[What you need to do]: With pictures removed, output every record below exactly as written.

Source material Block Start

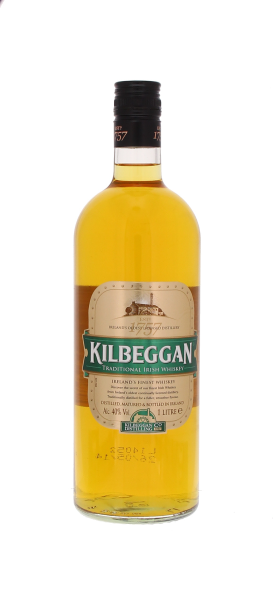 Kinahans 10 YO 70cl 46º (R) x6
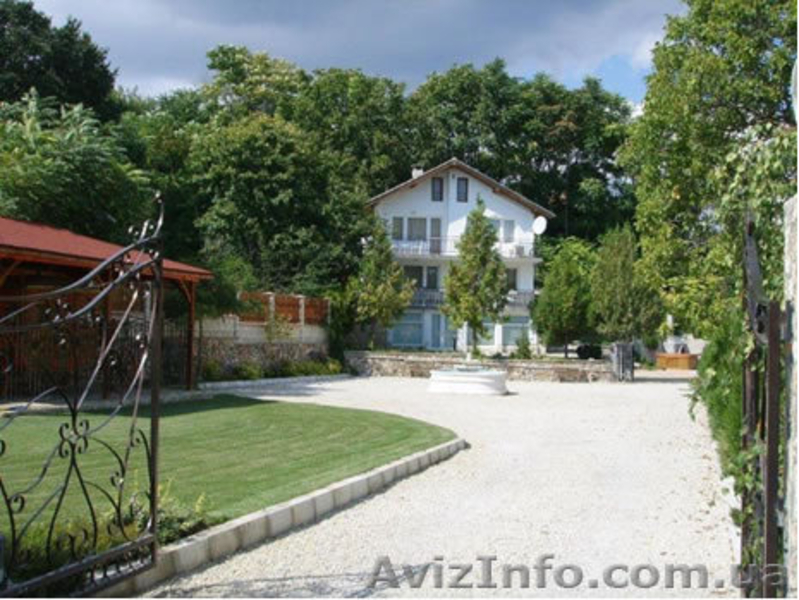 Прекрасная Вилла Мари на популярном морском курорте в Болгарии. Участок 1800м2. - <ro>Изображение</ro><ru>Изображение</ru> #8, <ru>Объявление</ru> #296732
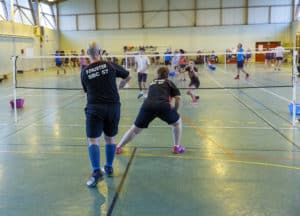 Tournoi des Faïences 2019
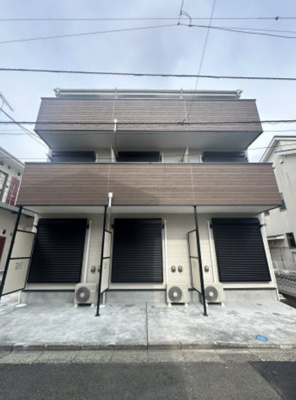 【外観】 | メゾン・ド・ショコラ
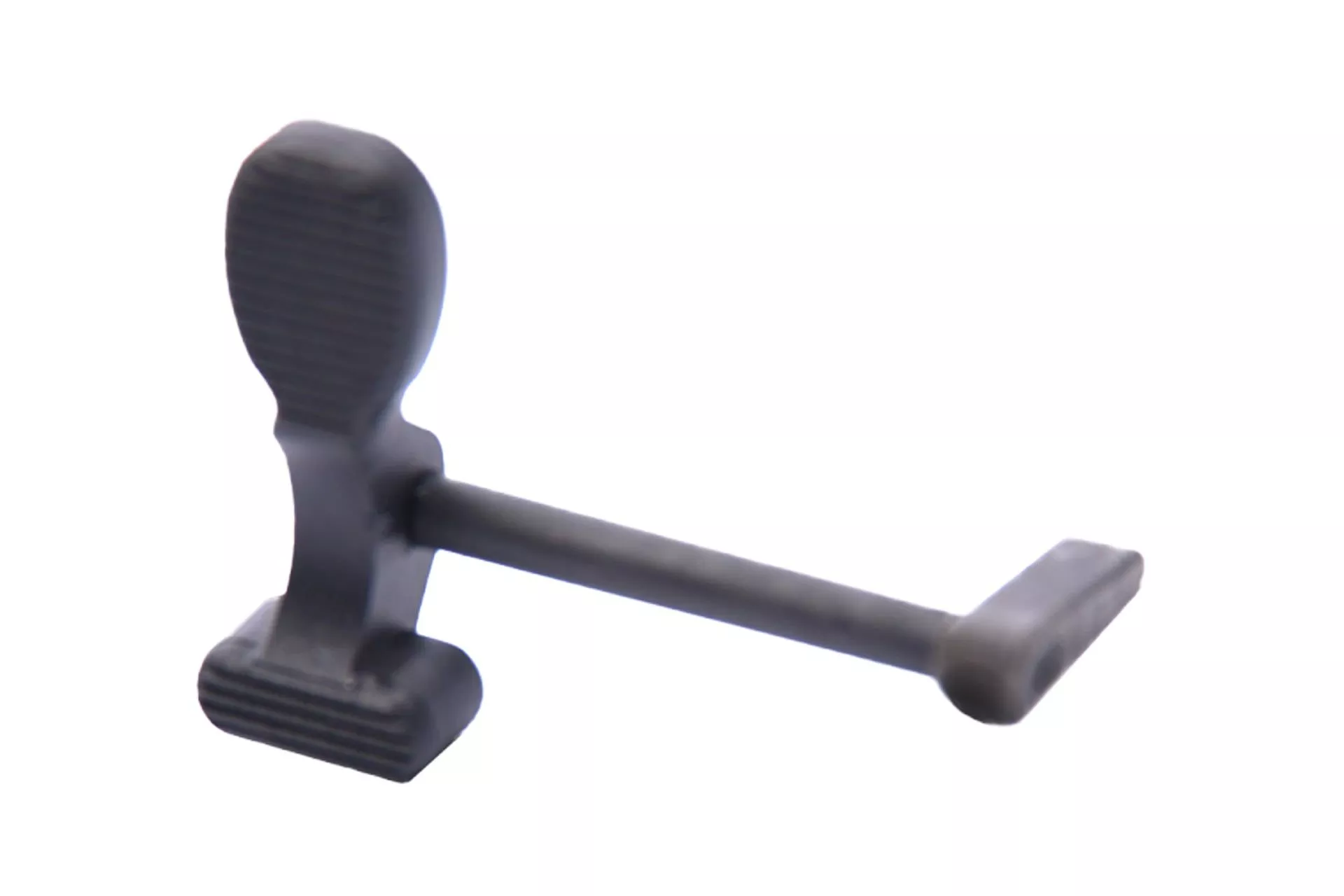 LMT Defense MARS Right Side Bolt Catch – LMP101AR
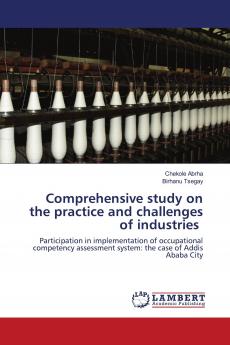 Comprehensive study on the practice and challenges of industries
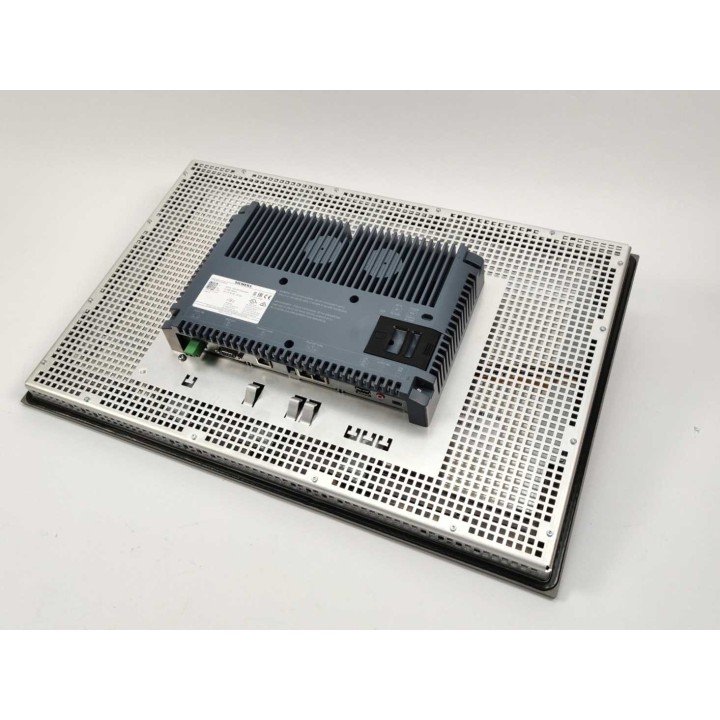 Siemens 6AV2124-0XC02-0AX0
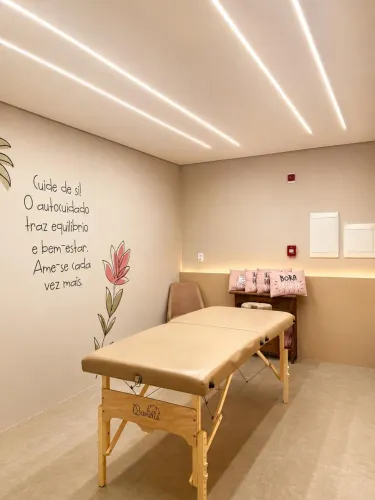 SALA COMERCIAL PARA PROFISSIONAIS DA SAÚDE - DENTRO DE CLÍNICA REGULARIZADA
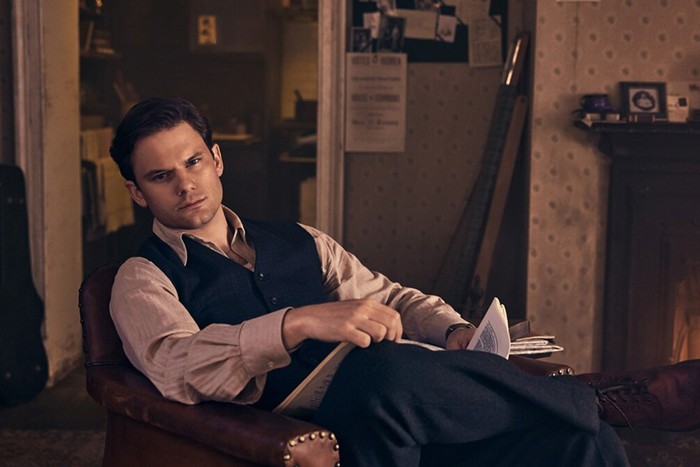 outlander bloof od my blood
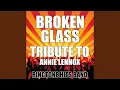 Download Lagu Kaca Pecah (Penghormatan untuk Annie Lennox)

Source material Block End

[Response to this task]:
 Kinahans 10 YO 70cl 46º (R) x6
 Прекрасная Вилла Мари на популярном морском курорте в Болгарии. Участок 1800м2. - <ro>Изображение</ro><ru>Изображение</ru> #8, <ru>Объявление</ru> #296732
 Tournoi des Faïences 2019
 【外観】 | メゾン・ド・ショコラ
 LMT Defense MARS Right Side Bolt Catch – LMP101AR
 Comprehensive study on the practice and challenges of industries
 Siemens 6AV2124-0XC02-0AX0
 SALA COMERCIAL PARA PROFISSIONAIS DA SAÚDE - DENTRO DE CLÍNICA REGULARIZADA
 outlander bloof od my blood
 Download Lagu Kaca Pecah (Penghormatan untuk Annie Lennox)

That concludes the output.